This is the name that Freedberg gave to the group of painters trained and/or influenced by Bronzino, but who rejected his ideas in favour of a more naturalistic painting. The main one was Santi di Tito, an artist from San Sepolcro who trained with Cellini in Rome. On his return to Florence in 1564, Santi wrestled with the implausible project of bringing mannerism and naturalism together. Eventually he wearied of mannerism altogether and returned to the classical high renaissance. His beautiful Holy Family recently purchased by the Met still shows the residue of Bronzino, but its grace and easiness suggest an artist who has returned to the principles of classicism, notably Sarto and Raphael.
As his career progressed, Santi’s art became more realistic and in tune with some of ideals of the Counter-Reformation. Freedberg is right to say that his late altarpieces are not separate stylistically from those of the seventeenth-century. What could be called Santi’s masterpiece, the Vision of St Thomas Aquinas could be aligned comfortably with art produced by the likes of post- Caravaggio artists such as Orazio Gentileschi who modified Caravaggio’s realism and blended it with his refined classicism. Also noticeable is matter-of-factness in the St Thomas countering, but paradoxically aiding the appearance of a divine vision. This treatment of religious art which eliminates the aesthetic qualities of maniera in favour of more direct piety is commensurate with the demand for clarity in art called for by the Council of Trent.

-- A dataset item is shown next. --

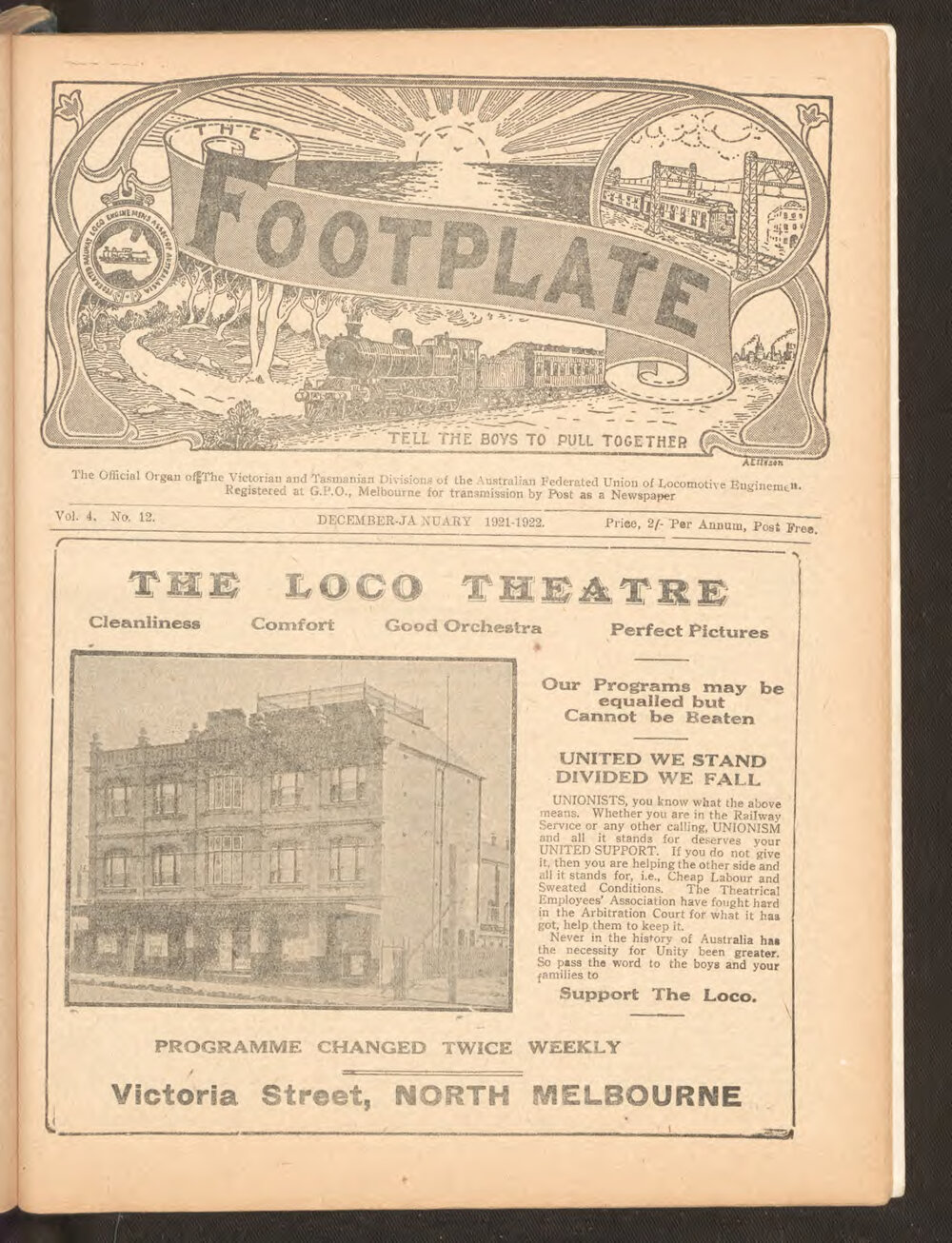 The Footplate: vol. 4, no. 12 (December-January, 1921-1922)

Other reformers like the Venetian Jacopo Ligozzi who came to Florence not only strayed from the style of mannerism but also its sources. Instead of drawing sculpture or avidly assimilating Michelangelo’s art, Ligozzi painted watercolours of birds and animals for clients of a scientific bent. Naturalism found its way into such devotional images as Agony in the Garden, though its strident colours sit oddly with his naturalistic observation of the landscape.
With most of its major pieces taken, and time running out Florentine mannerism found itself facing checkmate. In the next century Florentine artists like Francesco Furini would take their cue from Caravaggio and the heirs of Leonardo, not the school of Pontormo. His "Judith and Holofernes" betrays his debt to Caravaggio.